6

631 39 2
                                    

"Ho detto che avevo bisogno del tuo aiuto, non che tu venissi qui."

Seokjin disse inarcando un sopracciglio, non appena si accorse di Namjoon il quale, appoggiato allo stipite del suo ufficio, lo osservava attentamente mentre metteva in ordine una pila di documenti che sarebbero andati dritti in archivio. Come avesse fatto a a passare il filtro della sua assistente personale (si Seokjin era uno di quegli assistenti che aveva a sua volta un'assistente) quando lui aveva marcatamente detto di non far passare nessuno, era un mistero. Ma Namjoon era sempre stata una persona con molte risorse. Certo magari sarebbe sempre stato anche il tipo che si dimenticava il cellulare dentro il frigorifero, ma era decisamente qualcuno su cui contare, specialmente quando era il miglior consulente privato della polizia di tutto il paese.

"Seokjin, ti conosco da quando io avevo tre anni e tu cinque. So quando hai bisogno di vedermi," Namjoon disse sorridendo, dannate fossette sulle guance che facevano la sua comparsa. Ecco, forse era stato quello a far capitolare la sua assistente, pensò il maggiore.

Seokjin scosse la testa, ma non negò ulteriormente. Aveva ragione, come sempre naturalmente, e Seokjin era in effetti contento che Namjoon fosse li, essendo questi la persona di cui si fidava di più al mondo.

Quando Namjoon si era trasferito negli Stati Uniti con tutta la sua famiglia a Seokjin era mancato da morire, ogni giorno. In un certo senso era stata una fortuna aver re incontrato Jungkook, perché il più giovane gli aveva riempito le giornate quando si era sentito molto solo e lo aveva fatto ridere quando era stato triste. Lo aveva anche fatto sospirare e perdere la testa, ma Seokjin gli era grato più di quanto Jungkook avrebbe mai sospettato della loro amicizia.
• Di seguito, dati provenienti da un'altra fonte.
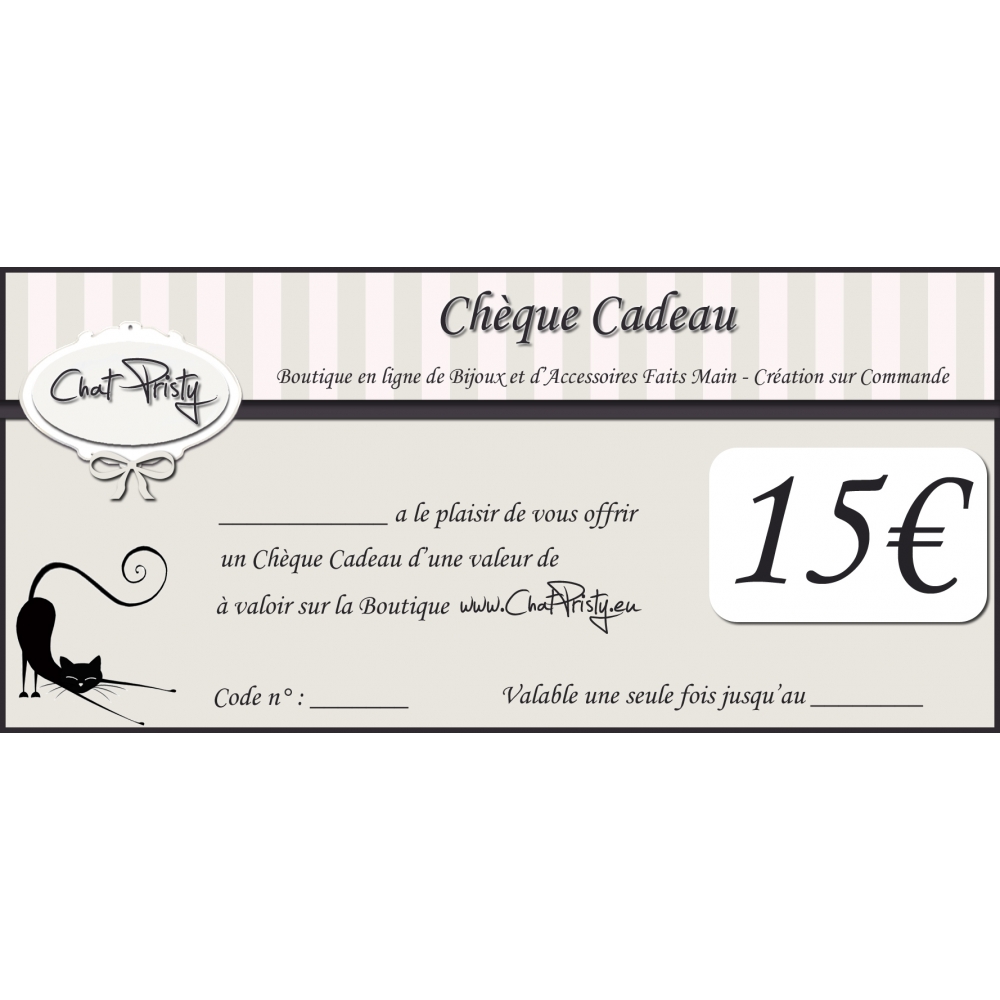 Chèque Cadeau 15€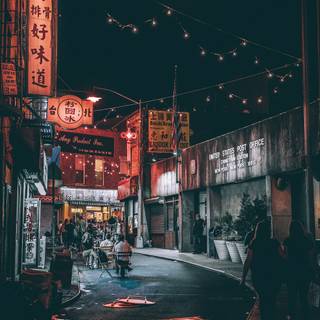 Chinese street wallpaper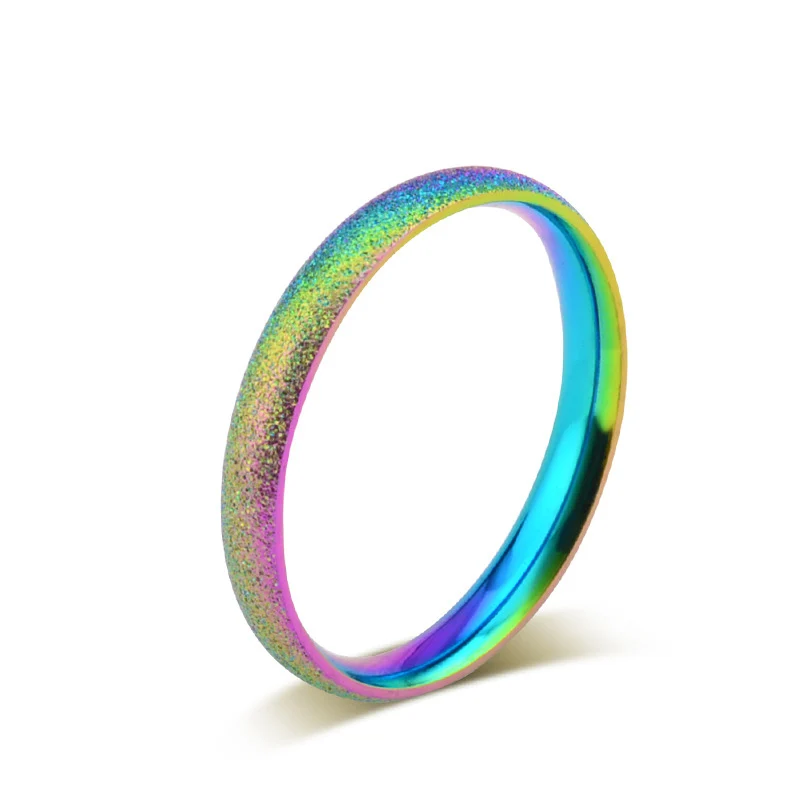 SHEAUTY Rainbow Ring For Women Titanium Stainless Steel Wedding Ring 3MM Wide Gay Pride LGBT Rings Party Jewelry Rough Surface
SHEAUTY Rainbow Ring For Women Titanium Stainless Steel Wedding Ring 3MM Wide Gay Pride LGBT Rings Party Jewelry Rough Surface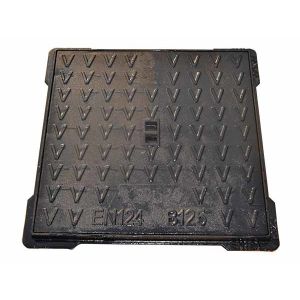 China Light Duty Square Cast Iron Manhole Cover Concrete Lawn Manhole Cover 700 X 700 on sale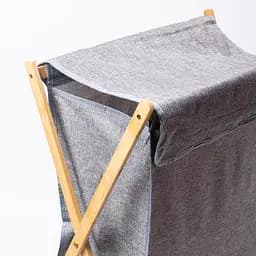 Кошик для білизни 52*30*60 см з бамбуковим каркасом Yiwu HP-41-17 - мініатюра 4
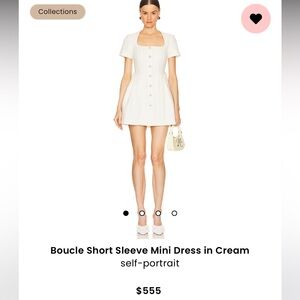 Self portrait Boucle dress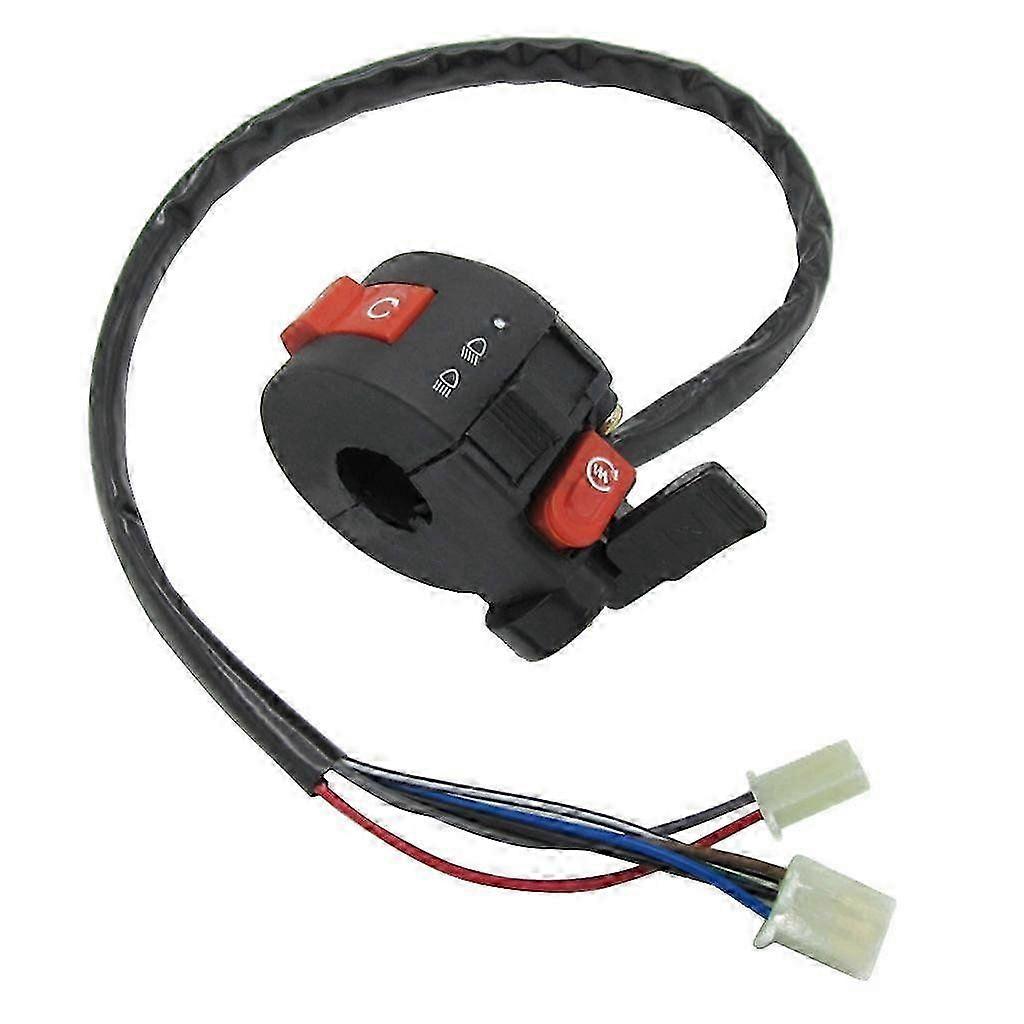 3 Function 7 Wires Left Switch for 50/70/90/110/125cc ATV Quad 4 Wheeler TaoTao
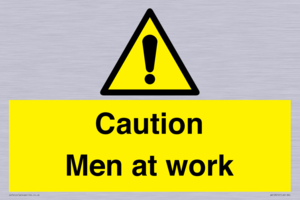 WV12810: Caution Men at work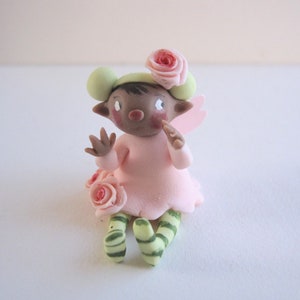 Tiny flower fairy figurine image 1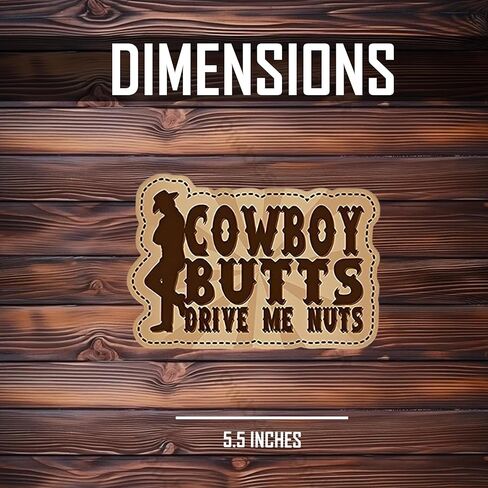 ملصق من الفينيل من WSQ Cowboy Butts Drive Me Nuts - 5.5 بوصة - لسيارة شاحنة الدفع الرباعي، نافذة ممتص الصدمات، جدار الكمبيوتر المحمول، كأس الكمبيوتر اللوحي وأي سطح أملس in Saudi Arabia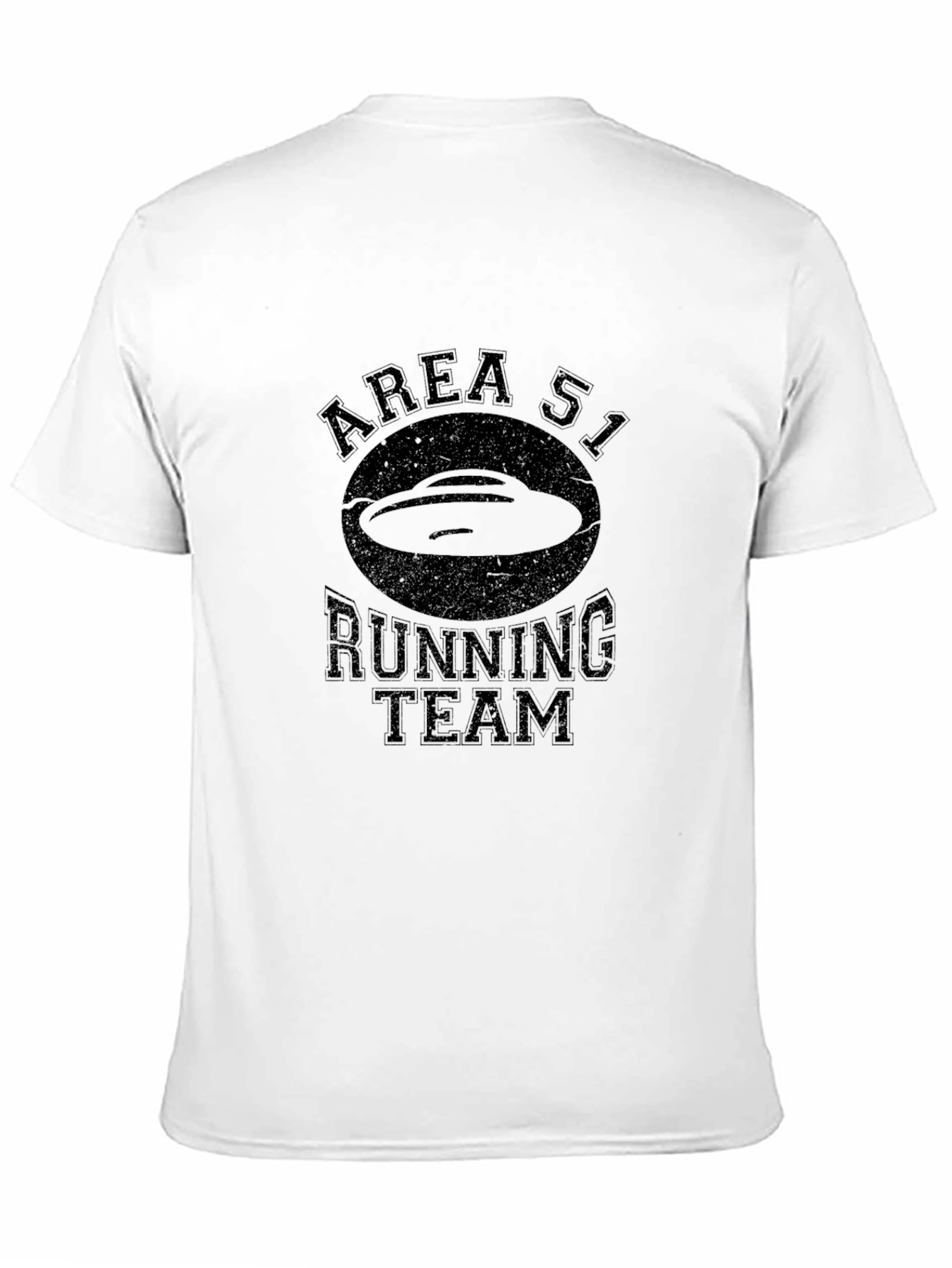 Area 51 Running Team Black Graphic T-Shirt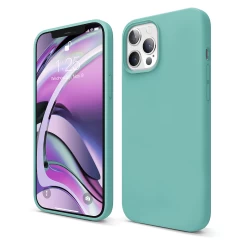 Husa iPhone 12 Pro Max Casey Studios Premium Soft Silicone - Neon Green Turqoise 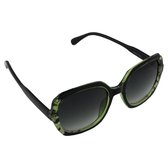 Visionmania Zonnebrillen Dames Vierkant -  Groen/Zwart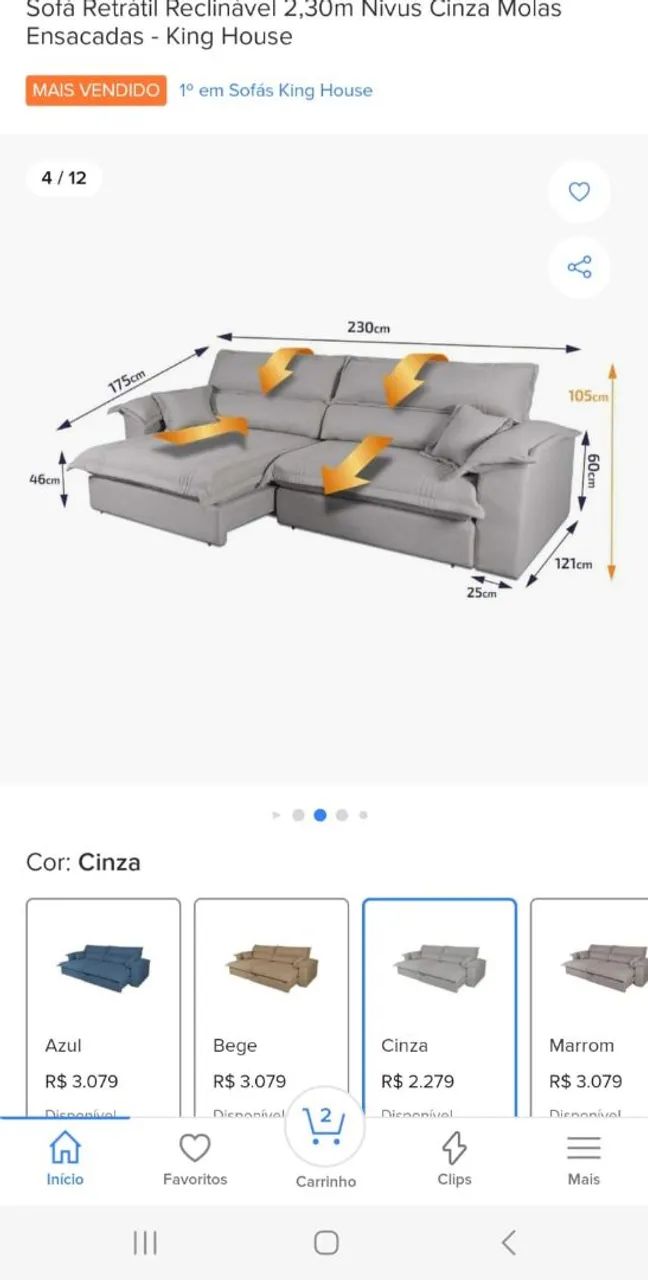 Sofa retrátil  - Foto 2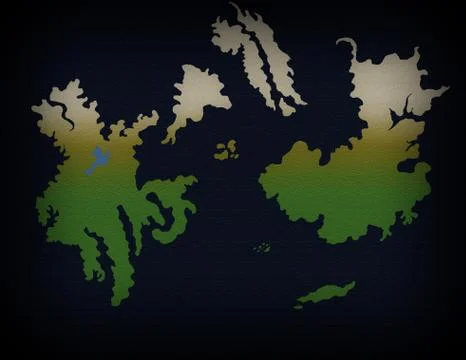 Fantasy World Map 1 Illustrazione stock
"Può essere. Ma non qui," Seokjin disse nello stesso momento in cui il suo sguardo si fermava per un attimo sulla porta dell'ufficio del suo capo, Kim Taehyung.

A Namjoon non sfuggì il movimento.

"Jinnie in che guaio ti sei cacciato?" Namjoon chiese scuotendo la testa. Seokjin non gli aveva detto molto al telefono solo che aveva bisogno della sua consulenza e delle sue doti investigative riguardo qualcosa, o meglio qualcuno. Seokjin aveva già chiesto il suo aiuto in precedenza ma, sfortunatamente, Namjoon era stato impegnato in un caso di alto profilo di sicurezza nazionale e per quando infine era riuscito a liberarsi, la maggior parte delle tracce utili erano sparite, o distorte o camuffate. Quando si trattava di trovare le persone il tempismo era tutto, e pertanto quella volta Namjoon non aveva potuto aiutare Seokjin a trovare Jung Hoseok.

"Non mi sono cacciato in nessun guaio," Seokjin rispose oltraggiato ma Namjoon notò le pupille dilatate e il nervoso tramestio delle sue dita.

Namjoon serrò le labbra, pensoso. Seokjin era preoccupato, ed una preoccupazione tale appariva solo quando i propri cari erano coinvolti. Se si fosse trattato della sua famiglia il maggiore non sarebbe stato tanto misterioso e non avrebbe guardato in direzione della porta del suo capo. Eppure se fosse stato direttamente coinvolto quest'ultimo la preoccupazione, sebbene presente, non sarebbe stata altrettanto genuina. Seokjin voleva bene a Kim Taehyung ma questi era anche il suo capo ci sarebbe stato sempre nolente o volente un velo di deferenza. L'unica persona che stesse tanto cuore a Seokjin e che allo stesso tempo fosse legata a Kim Taehyung poteva essere solo una.

Jeon Jungkook.

Namjoon sospirò internamente. C'era quasi da essere gelosi di tanto attaccamento. Namjoon sorrise. Rimpiangeva spesso il fatto di esserne dovuto andare anche se era stato un ragazzo e aveva avuto poca scelta.

"Allora andiamo a pranzo, coraggio," Namjoon propose.

"Offri tu ovviamente," Seokjin ripose alzandosi con disinvoltura come se non fosse stato lui quello che aveva chiesto aiuto a Namjoon e stesse facendogli, invece, un gran favore con la sua presenza.